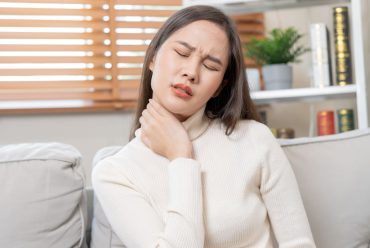 A woman massaging her neck due to pain caused by teeth grinding.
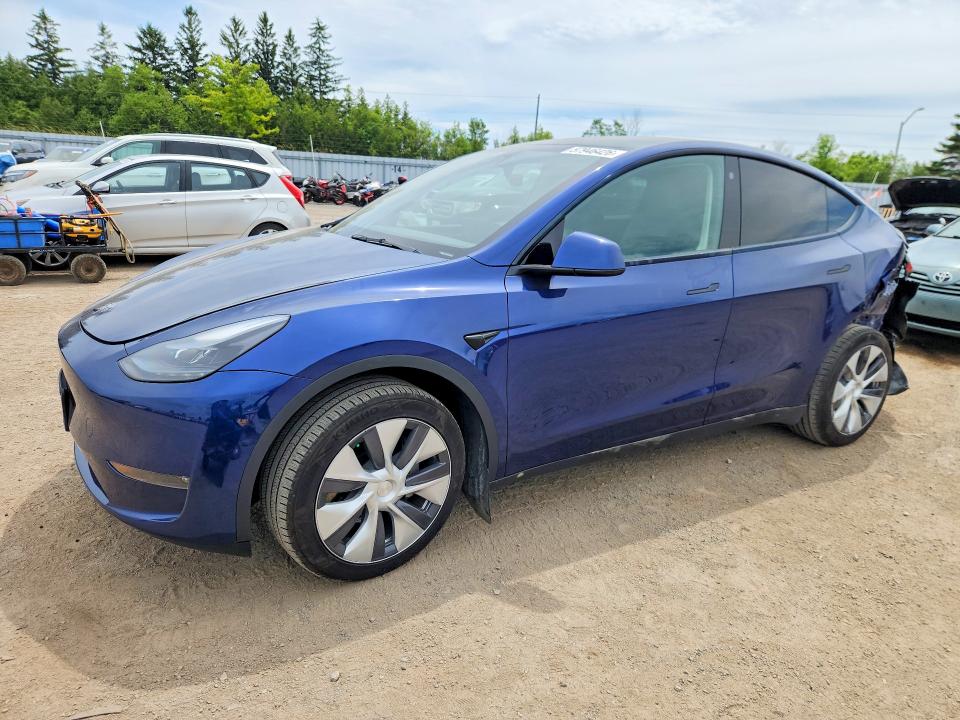 2023 Tesla Model y VIN LRWYGDEE0PC228256 COPART salvage auction — REAR END, ON - PERMIT SALVAGE, sold $10,700 on 2026-07-30 (photo 1)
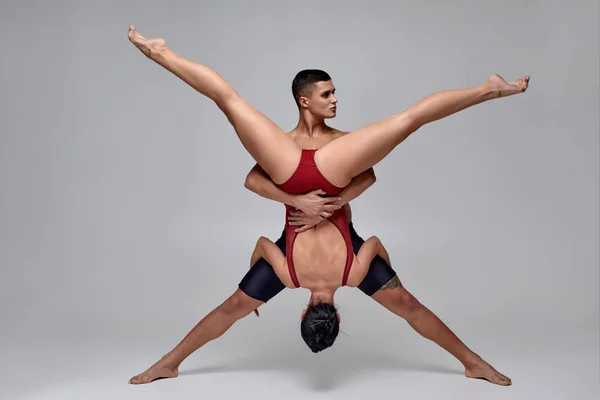 Bir atletik modern bale dansçıları çift gri bir stüdyo arka plan karşı poz. — Stok fotoğraf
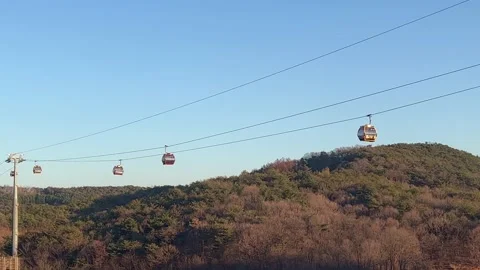 A sightseeing cable car passing up the mountain Stock Footage 236811206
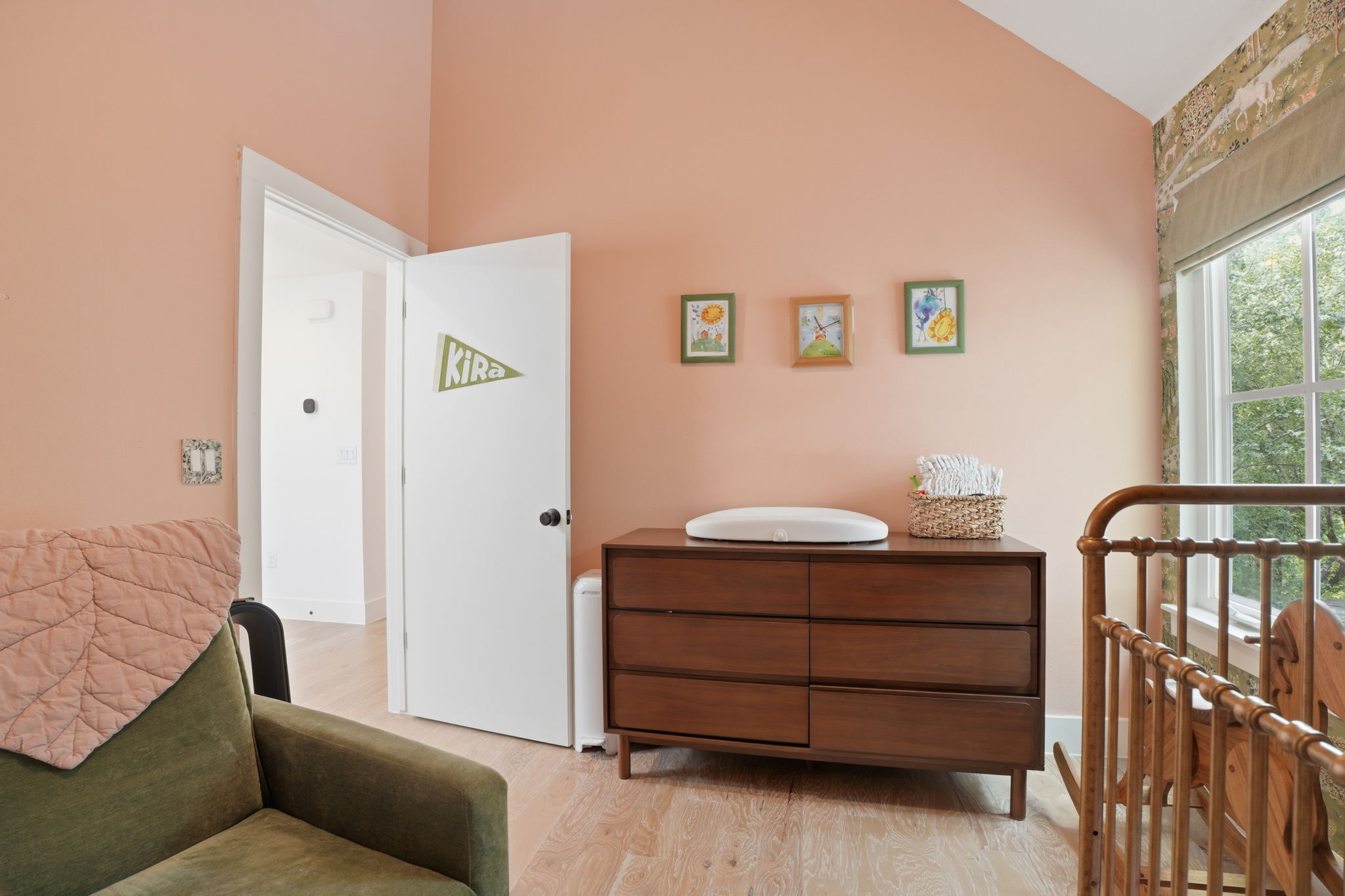 4609 Sara Drive, Unit B Austin, TX 78721 - Photo 26 of 39 A charming bedroom currently serving as a nursery with vaulted ceilings features hardwood flooring and an inviting window view.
_ _ _ _
- [DESCRIPTION OF THE TASK]
To complete this exercise, transcribe exactly the lines above from the one that holds "Bir atletik modern" through the one that holds "A sightseeing cable". Pictures stay out.

- [EXERCISE OUTPUT]
 Bir atletik modern bale dansçıları çift gri bir stüdyo arka plan karşı poz. — Stok fotoğraf
 A sightseeing cable car passing up the mountain Stock Footage 236811206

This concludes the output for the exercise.